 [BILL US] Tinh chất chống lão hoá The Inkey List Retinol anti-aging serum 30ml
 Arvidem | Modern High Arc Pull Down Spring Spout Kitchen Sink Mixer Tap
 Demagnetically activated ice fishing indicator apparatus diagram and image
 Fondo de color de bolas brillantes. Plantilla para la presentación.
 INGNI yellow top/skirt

* * *

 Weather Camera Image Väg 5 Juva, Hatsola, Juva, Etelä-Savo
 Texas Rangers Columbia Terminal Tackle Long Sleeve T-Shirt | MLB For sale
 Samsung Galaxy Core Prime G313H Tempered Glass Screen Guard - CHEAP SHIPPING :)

---

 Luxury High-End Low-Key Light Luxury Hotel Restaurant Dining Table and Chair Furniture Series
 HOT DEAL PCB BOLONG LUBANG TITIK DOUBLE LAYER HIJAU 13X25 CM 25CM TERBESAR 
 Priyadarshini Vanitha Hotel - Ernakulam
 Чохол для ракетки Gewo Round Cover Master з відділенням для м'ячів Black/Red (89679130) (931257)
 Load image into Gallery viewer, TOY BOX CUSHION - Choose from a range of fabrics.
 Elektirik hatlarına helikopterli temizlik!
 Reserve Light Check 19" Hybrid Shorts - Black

_DIRECTIONS FOR THIS TASK_
Only the lines above starting at the one containing "[BILL US] Tinh" and ending at the one containing "INGNI yellow top/skirt", both included, are to be returned, exactly as they read.

_EXPECTED OUTPUT_
 [BILL US] Tinh chất chống lão hoá The Inkey List Retinol anti-aging serum 30ml
 Arvidem | Modern High Arc Pull Down Spring Spout Kitchen Sink Mixer Tap
 Demagnetically activated ice fishing indicator apparatus diagram and image
 Fondo de color de bolas brillantes. Plantilla para la presentación.
 INGNI yellow top/skirt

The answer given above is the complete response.